For the most part, divorce involves personal matters - such as infidelity, domestic violence, and deceit - but PIs are usually such well-rounded and skilled individuals that they can be instructed to investigate a whole range of matters, including complex financial and business issues that might be relevant to a divorce.
Some of their core activities in relation to divorces include:
1. Gathering Evidence of Allegations
When filing for divorce, one or both spouses must specify whether there is fault at issue. A fault divorce is one whereby blame for the divorce is assigned owing to the actions or inactions of one or the other party. Of the traditional fault grounds, the allegation of cruelty (inflicting physical or emotional pain) is the most common, but others include: adultery, desertion, imprisonment, and sexual dysfunction that was not disclosed prior to marriage. In each of these cases, a judge will require evidence of the alleged fault. This is where PIs come in.
Gathering evidence of fault without the assistance of a PI is rarely recommended, as it could put one or both of the spouses in a dangerous position and the techniques employed could affect the outcome of the legal case in unpredictable ways. PIs are used to managing the risks associated with investigating fault and they carry out their investigations in such a way as to comply with applicable evidence laws.
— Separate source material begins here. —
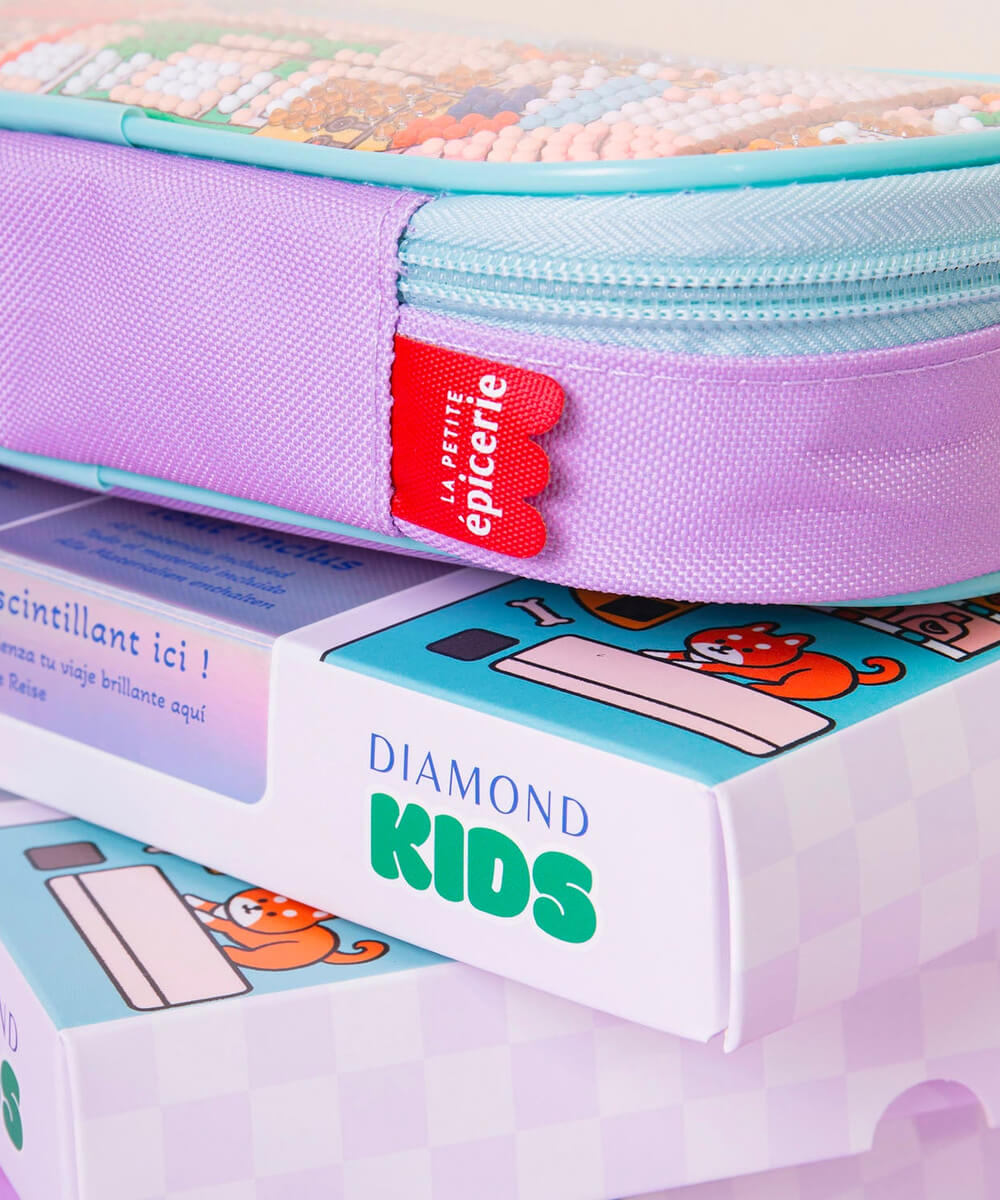 Trousse à diamanter Day in Tokyo de la marque La Petite Épicerie, en mise en scène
2. Ascertaining Means for Child Support
Divorce brings out a side to many spouses that the other has never seen. Nowhere is this tendency more common than in relation to the making available of assets and financial information for child support.
Often, a deep distrust of the other spouse means that one will seek to hide or obscure the true value of assets, delay salary or bonus payments, and misrepresent income so as to lower any legally-mandated child support payment. Through surveillance or complex financial analysis, PIs expertly locate the true figures involved in these situations. Their work can better ensure that reporting is fair and accurate, so that one spouse is not left with any undue financial burdens when it comes to supporting a child.
3. Investigating Suitability for Child Custody
It is not only the financial aspects of a child’s care that are at issue during divorce proceedings. More often than not, the events that lead up to the divorce indicate to one or both spouses that the other presents an issue for the child’s welfare. This is especially the case where infidelity or alcohol/drug use is suspected, as the accused may not be available to care properly for the child.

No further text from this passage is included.